Met ogen die branden van slaapgebrek zit ik aan de ontbijttafel. Alle uren van de nacht zag ik voorbijkomen, zonder de gebruikelijke paniek die me op werkdagen bevangt maar wel met een gevoel van deceptie, weer geen zaterdag zoals ik ze graag zie. De tuinman is aan het schoffelen, zijn rug, ouder dan de mijne, maar sterk en soepel gebogen over de natte aarde. Ik lees over het verscheiden van Bernard Haitink, en al die plots opvlammende belangstelling voor zijn carrière brengt me terug naar mijn jeugdjaren, naar al die keren dat ik mijn vader in zijn rokkostuum zag staan, de baton in de aanslag, als aanvoerder van een groot orkest. Dat rokkostuum, dat hangt nu boven aan mijn kledingkast. Het jasje met de bekende pinguïnpanden, de broek met bies, de cumberband en het pochet van wit satijn, alleen het frontje ontbreekt.

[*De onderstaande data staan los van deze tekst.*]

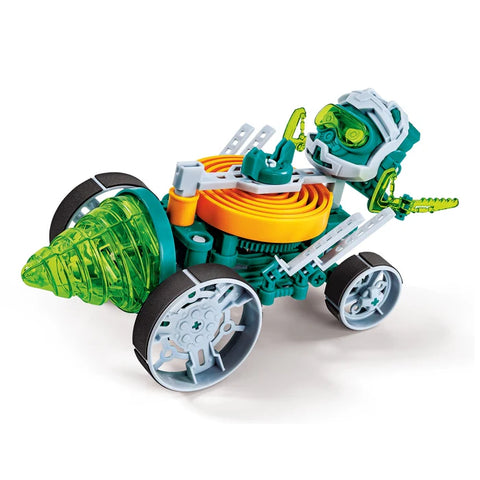 Clementoni Science & Play Space Miner Robot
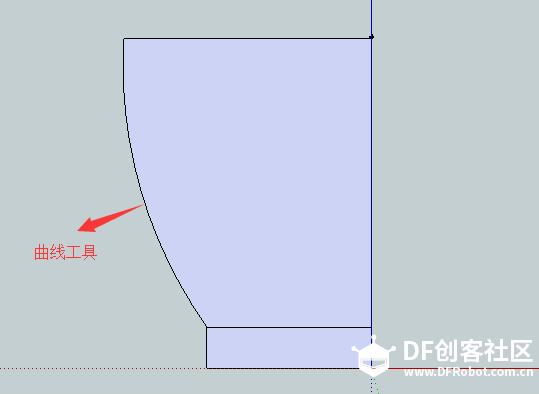 SKETCHUP扫盲帖——杯子图3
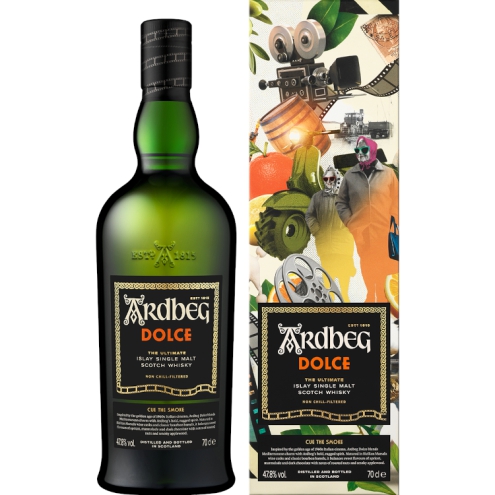 ARDBEG Dolce 47,8% 0,7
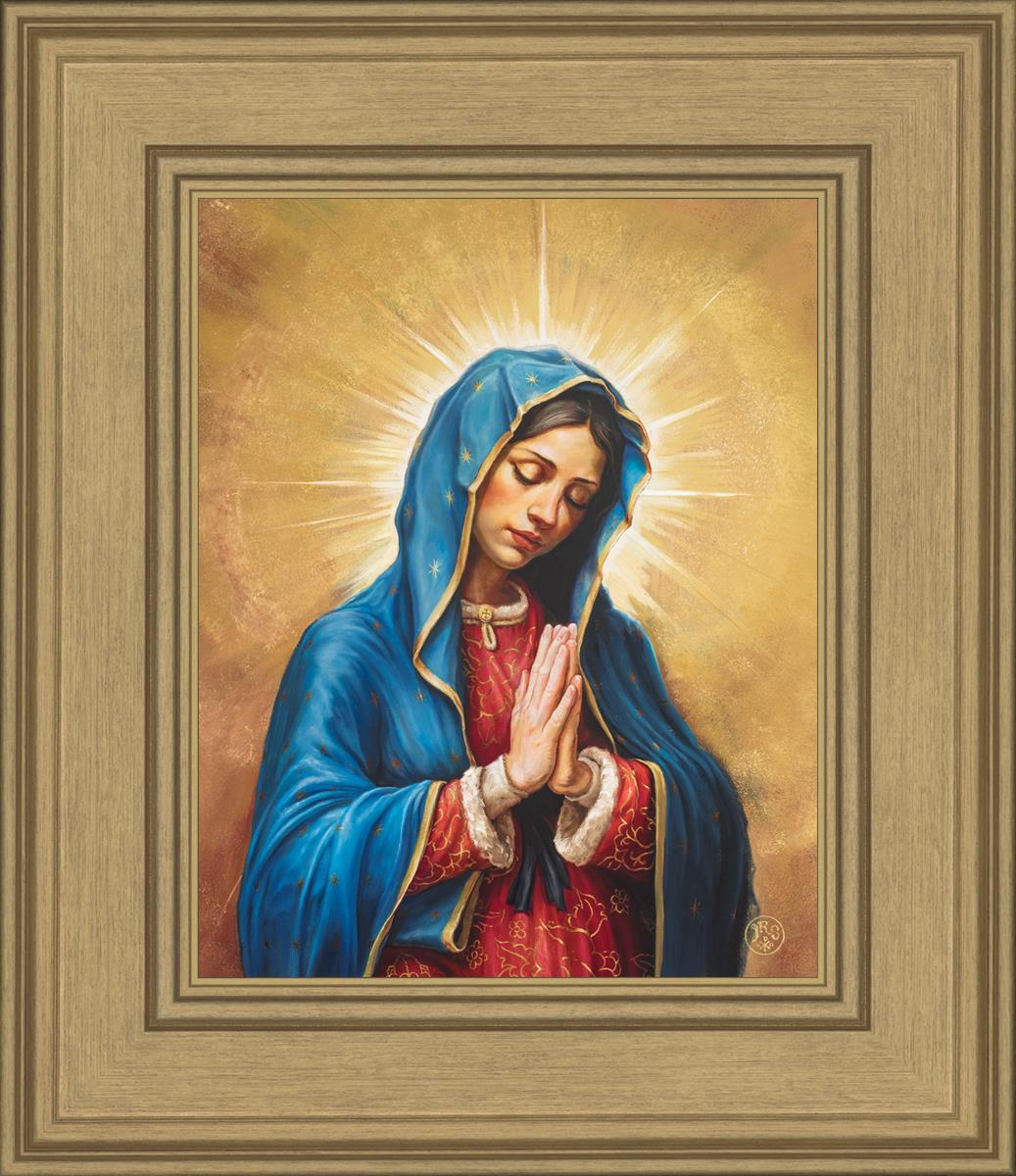 Our Rose of Tepeyac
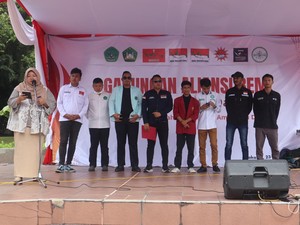 Aliansi Mahasiswa Minta KPU dan Bawaslu Bersikap Netral di Pemilu 2024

Mijn broer vroeg het me, 'Wil jij het rokkostuum van pa?'. Dat wilde ik, want voor mij is mijn vader dat ten voeten uit. Het rokkostuum en het rode fleecevest, twee uitersten die zo mooi zijn bestaan weergeven. De flamboyante, charmante koor- en orkestleider en de teruggetrokken eenling, die nooit tv keek en het liefst vroeg naar bed ging met een mooi boek. Een mager zesje gaf hij zijn leven, zei hij op het einde. Hij had tot grotere hoogten willen stijgen, muzikaal gezien, maar verlegenheid, sociale weerzin en de zorg voor een groot gezin hadden hem tegengewerkt. Echte grootsheid laat zich natuurlijk niet tegenhouden. Ook Bernard Haitink was sociaal onhandig, en zeker in zijn beginjaren verlegen en onzeker. Maar hij wist en hij kon en hij zou.
Het rokkostuum zal ik ophangen, pontificaal in de gang, als objet d'art voor iedereen zichtbaar. Als herinnering aan mijn vader maar ook als eerbetoon aan alle schoonheid die hij mij gegeven heeft, Chopin, Liszt, Puccini, Bruch, en vele anderen.